KAWASE BIIKI

オーストラリアドル(AUD)為替予想2017後半

オーストラリアドル(AUD)

★総評 中立

昨年、上昇局面にあったオーストラリアドルですが、今年に入ってからは一進一退の動きで、現在は年初とそれ程変わらない水準で推移しています。もう少し上昇するのかと考えていましたが、なかなか厳しいもののようです。今後も上下ありそうですが、大きな動きにはならないと予想します。

 

 

オーストラリア経済はまずまずの状況、成長率がプラスになり、失業率も低下しています。主要産業である鉄鉱石・石炭・アルミニウム・小麦等の価格が好調に推移していることから、大幅な赤字を示していた貿易・経常収支が、大幅に改善しました。貿易収支は黒字化しています。鉱物価格は比較的強い動きになっているため、もう少し開発系の投資資金が入ってくるかと思っていたのですが、これは減少しているようです。

内需では、ここ数年不動産が高騰しており、バブル化しています。個人の負債金額が大きくなっているのは、不安材料かもしれません。

 

心配されるのは中国の動向です。鉄鉱石や石炭は、中国の需要により需給が大きく変化するため、これに注目を払う必要があります。現在は景気対策として、インフラ強化の政策が行われていますが、これが終了した場合に、需要が大きく減少する可能性がありそうです。

 

金融政策はインフレ率が上昇しているため、方向性としては、金利を上昇させる方向でしょう。景気も悪くないため、金利をあげる障害は無さそうです。個人や企業の債務が大きくなっているため、景気への影響が懸念されます。

 

 

★トレードアイデア

・特になし

 

基本的には資源価格で動く通貨です。今まで上昇傾向だった資源価格が、直近で下落しているなど、相場環境の方が不安定なようで、取引も難しそうです。

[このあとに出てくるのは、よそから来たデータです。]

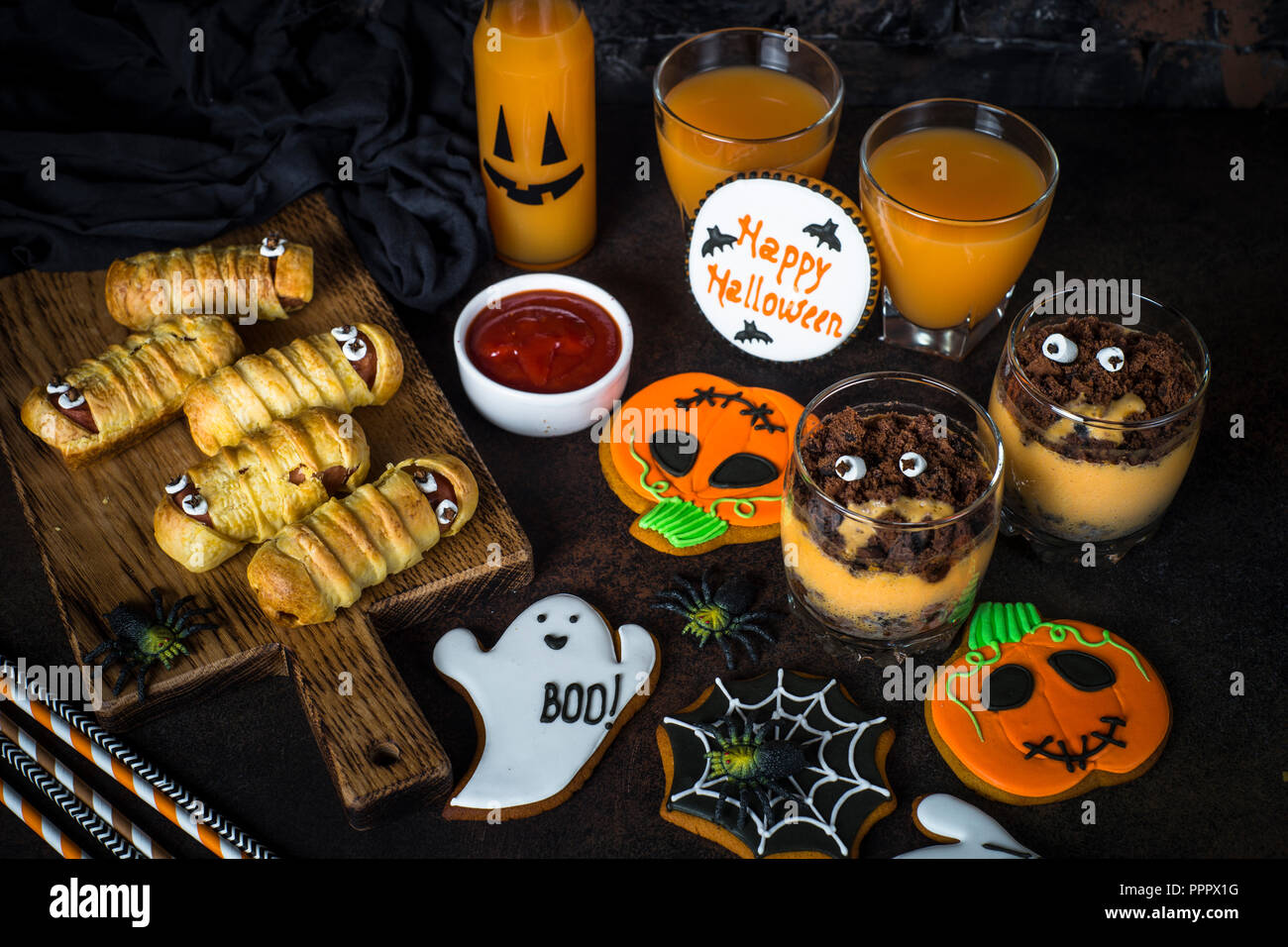 Halloween food assortment - sasage mummies, pumpkin dessert, gin Stock Photo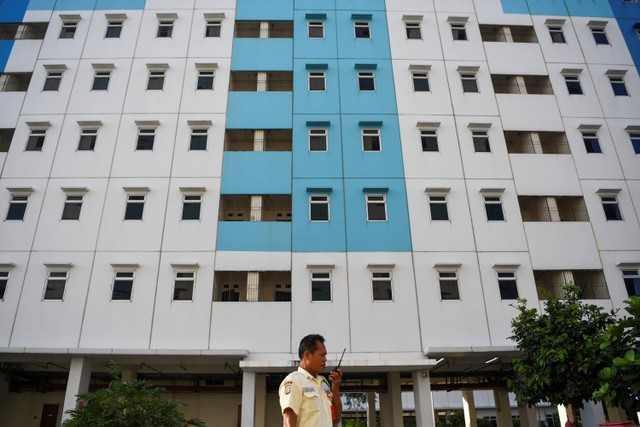 Seorang sekuriti berkomunikasi dengan radio panggilnya di salah satu tower rumah susun sederhana sewa (Rusunawa) Nagrak, Cilincing, Jakarta Utara, Selasa (18/7/2023). Foto: M Risyal Hidayat/Antara Foto 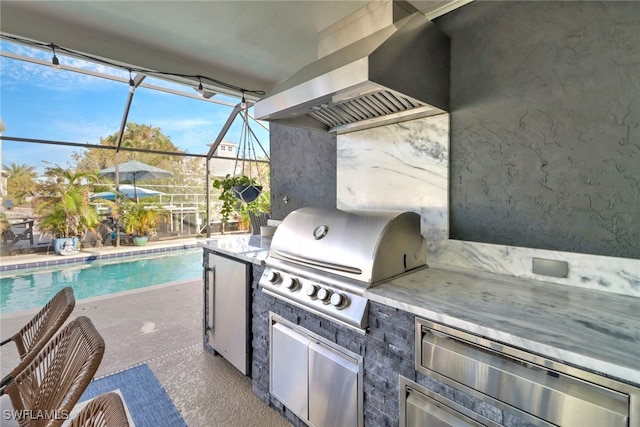 view of patio featuring a lanai, grilling area, and exterior kitchen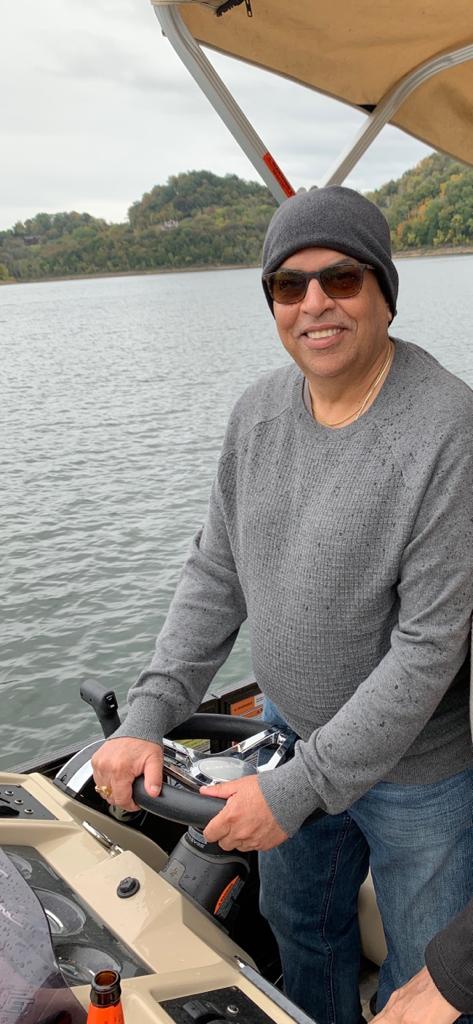Man wearing sunglasses and a gray sweater, smiling, standing on a boat with water and trees in background.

リスクオンなら買い、リスクオフなら売りといった戦略をとりたいのですが、しばらくは静観が無難かなと考えます。

 

 

| 為替予想 2017後 | 02:52 | comments(0) | trackbacks(0) |

日本円(JPY) 為替予想2017後半

日本円(JPY)

★総評 やや強い

2017年後半の日本円は、取引の好機が少なそうですが、方向性としては上昇を予想します。水準感がやや割安のため、ここから大きく下落する可能性は低く、安定感はありそうですが、相場環境がリスクオンムードでは動きにくい印象です。アメリカドルが上昇した場合には、一時的に下落することもありそうです。

 

マクロ経済環境は特に変わらず、長期的に見た交易条件の悪化が気になるところですが、すぐに為替に影響を与えることはないでしょう。足下でのエネルギー資源価格の下落は好材料。一部食品価格や金属価格が上昇しているため、この辺りの影響はもう少し見極めたいところです。

資産価格は、一部住宅価格に多少の行き過ぎた価格形成が見られますが、世界的に住宅バブルが形成されているため、相対的に見た場合では、割安の水準なのかもしれません。世界的に債務が増加している中で、日本では国債以外の債務が減少傾向と、世界のトレンドと逆行しているところが面白いところです。

 

インフレ率は下落傾向で、資源価格下落の影響を受けるため、今後も下落が進むことになりそうです。日銀の金融政策もしばらくは変化がないと予想されます。

 

 

★トレードアイデア

・USD/JPY S

 

相手関係よりも、タイミングが難しい気がします。一度下落したタイミングがあればベストです。何かのきっかけで、相場がリスクオフになった場合には、積極的に買いに行くべき通貨だと思います。